William A. “Bill” Del Monte died at a retirement home in nearby Marin County on Monday. He was 11 days shy of his 110th birthday. His niece, Janette Barroca of San Francisco confirmed his death of natural causes.

He’d been doing “great for 109 years old,” Barroca said Monday.

Del Monte was just three months old when the quake struck, forcing his family into the streets to escape in a horse-drawn buck board with fire burning on both sides, Barroca said. The family crossed the bay to Alameda County but eventually came back to the city after the home was rebuilt, Barroca said.

His father had opened the famous Fior d’Italia on Broadway in 1886 and it was destroyed in the quake but reopened in a tent not long after. By 1915 the Italian restaurant was prospering again, according to a 2011 San Francisco Chronicle story.

Del Monte attended San Francisco schools and after graduation went to work briefly for his father at his North Beach restaurant. But even in his teens he was interested in playing the stock market. And he was good at it. By 1929 at age 23, he was worth a million dollars, according to the San Francisco Chronicle story.

He lost the money but around the same time he gained a wife: a knockout known as Vera Minetti. They eloped to Reno in 1935 and they were married for 57 years until she died. They never had children. While his true passion was playing the stocks, he also ran a San Francisco Bay Area theater for years, according to published reports.

Del Monte’s death leaves a void in the city’s history.

Ruth Newman was the oldest remaining survivor of the earthquake before her death last summer. She was 113.

Newman was 4 years old when the quake struck in the early morning of April 18, 1906. She died July 29 at her home in Pebble Beach, California, the coastal town where she and her late husband moved to after living in nearby Pacific Grove, said her daughter Beverly Dodds.

Newman never attended the annual earthquake commemorations events in San Francisco, which include gatherings at Lotta’s Fountain in downtown before dawn, because she preferred to sleep in rather than rise before dawn to attend, her daughter said.

But Del Monte did over the years. In 2010 he was the only survivor who made it to Lotta’s Fountain, riding in the back of the city’s big black, 1930 Lincoln convertible.

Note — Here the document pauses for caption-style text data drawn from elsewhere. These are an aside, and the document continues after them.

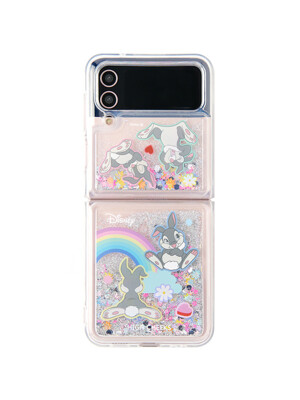 Rainbow thumper glitter case_Z FLIP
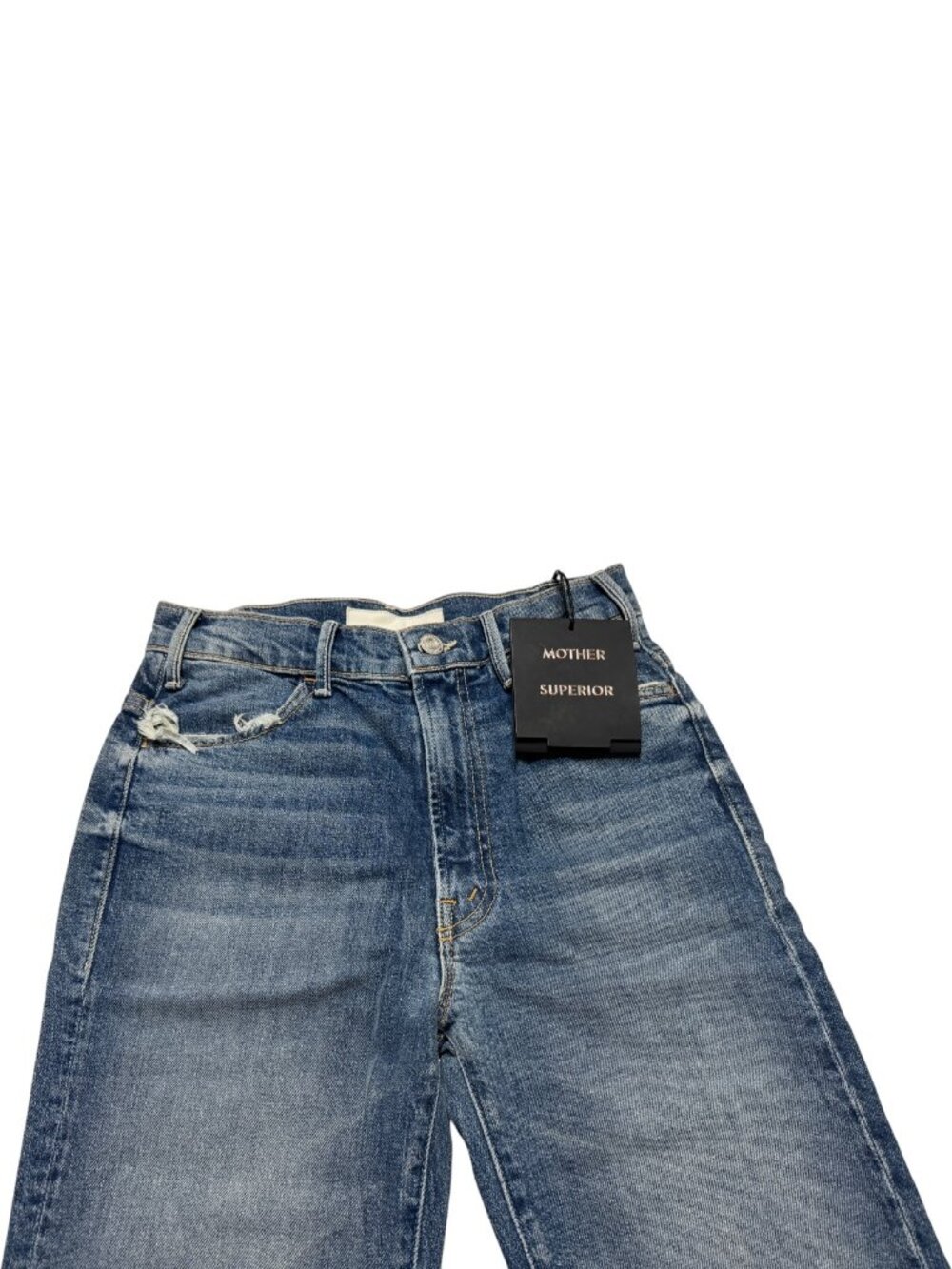 MOTHER The Hustler Ankle Fray Denim Jeans "We All Scream" Wash Size 26 NWT - Picture 5 of 13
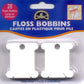 Plastic Floss Bobbin 28ct # 6102-12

More than 1,000 people were killed in the earthquake and fires. According to the U.S. Geological Survey, measurements of the quake have ranged from magnitude 7.7 to 8.3.

“The common thread I would draw with all of these survivors is they had a unique, dry wry sense of humor as anyone would have at being so rudely tossed out of bed at 5:11 in the morning,” said organizer Lee Houskeeper. “But none could compare to Bill. He had absolutely the sharpest mind of anybody I’ve ever known. A sharp mind, a sharp sense of humor and he was a complete flirt. My guess is there are a lot of heartbroken nurses out there today.”